The tool appears to be very simple and easy to use from a functional point of view. Its users can work with their normal keyboard and navigate among the suggested words and perform supplementary lookups in the integrated dictionaries by means of either the mouse or the Alt and Arrow keys. Following the same philosophy, the return key has been reprogrammed so it can now be used to enter words directly into the text once they are marked in green. All this creates the technical conditions for an improved writing flow.

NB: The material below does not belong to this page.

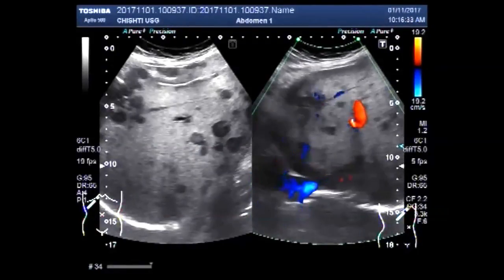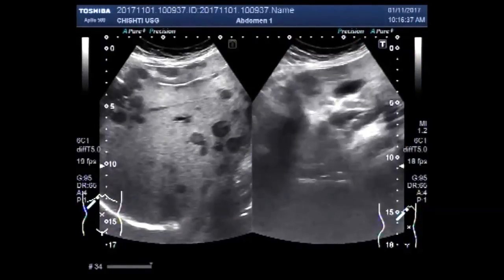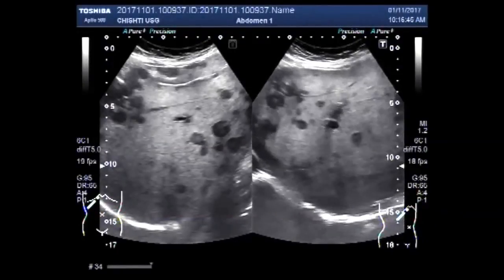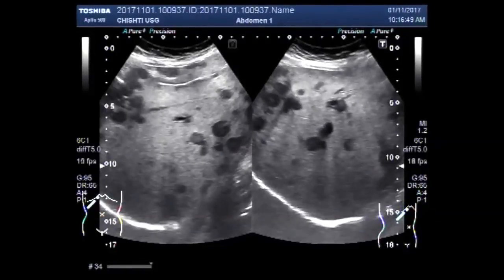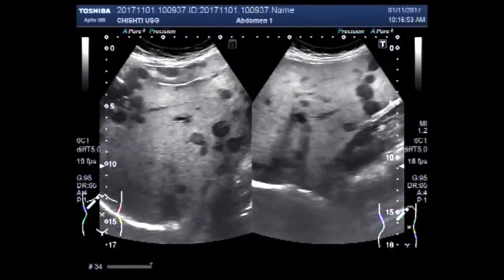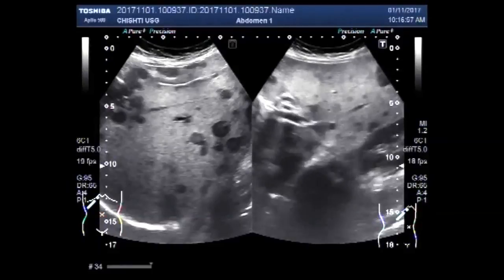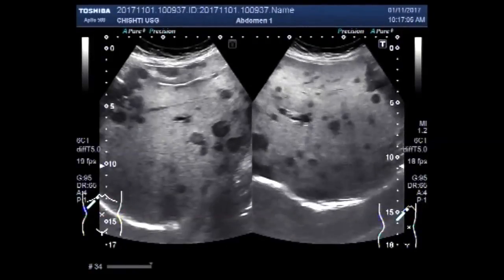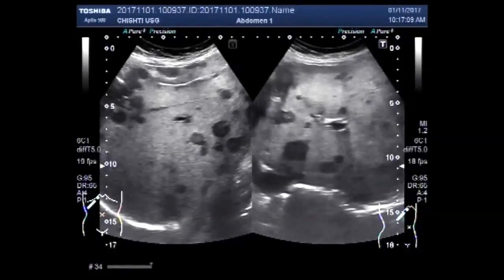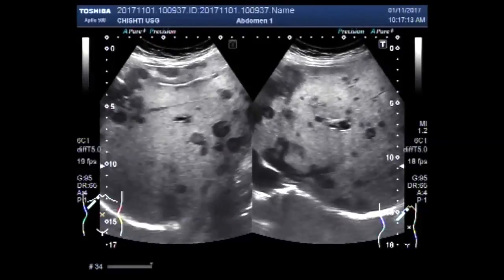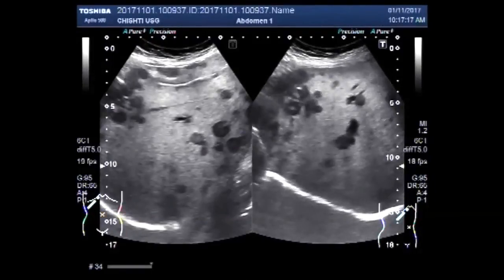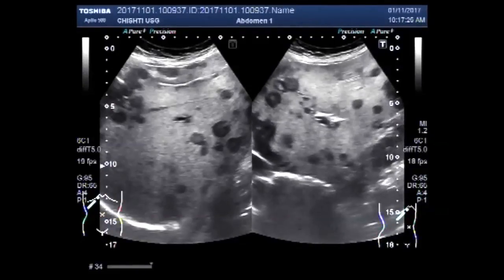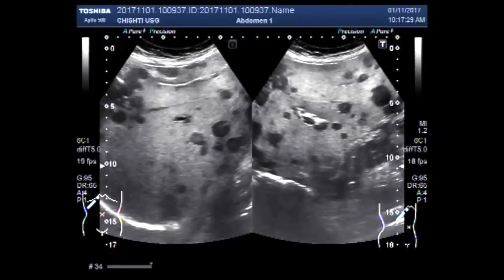You can see the blood flow. The patient had no ascites and no other abnormality on ultrasound.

Writers may easier become aware of their information needs when they start typing and the application immediately comes up with suggestions for completions and next words. If they are happy with one of these suggestions, the only action required from them is to mark the word in question and press the return key. The same is the case when they type an L1 word and instantly get a number of L2 candidates. If further information is required about any of the suggested words, a simple finger movement is all it takes to visualize a dictionary article right away. Once the result is deemed to be satisfactory and the return key pressed, the word in question will automatically be added to the text and solve the problem that originally gave rise to the information need.

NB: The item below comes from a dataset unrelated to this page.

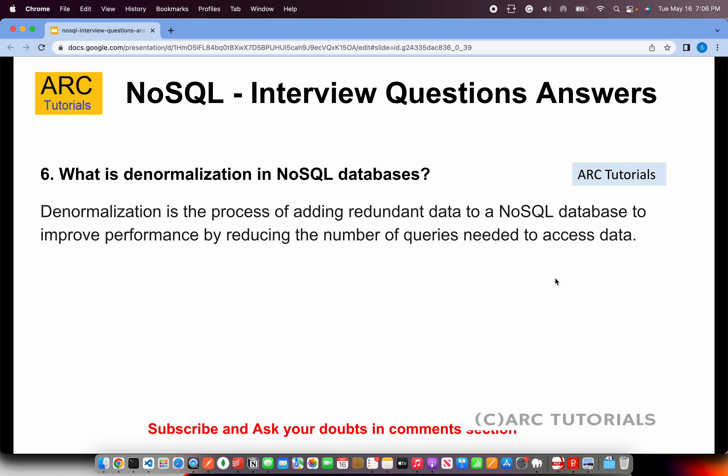What is denormalization in NoSQL databases? Denormalization is the process of adding redundant data to a NoSQL database to improve performance by reducing the number of queries needed to access the data. We duplicate data and make it redundant in a way that helps improve performance by reducing query counts for a particular piece of data.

As can be seen from the presentation above, some of the traditional phases and steps in the information-search process have become less complex while others have been skipped because the need to access external information resources has been reduced considerably. In fact, the users of the application can go a long way without consulting such resources. They can save precious time and concentrate on the message to be written.

By contrast, while Write Assistant undoubtedly makes the writers' job easier, it does not take any responsibility away from them. The users of this tool are still expected to critically evaluate the retrieved information, decide which words to use, and take responsibility for the final text. The users, and nobody else, are the sole authors of the texts produced with the assistance of the tool. The latter is only their handy assistant, but not their co-author.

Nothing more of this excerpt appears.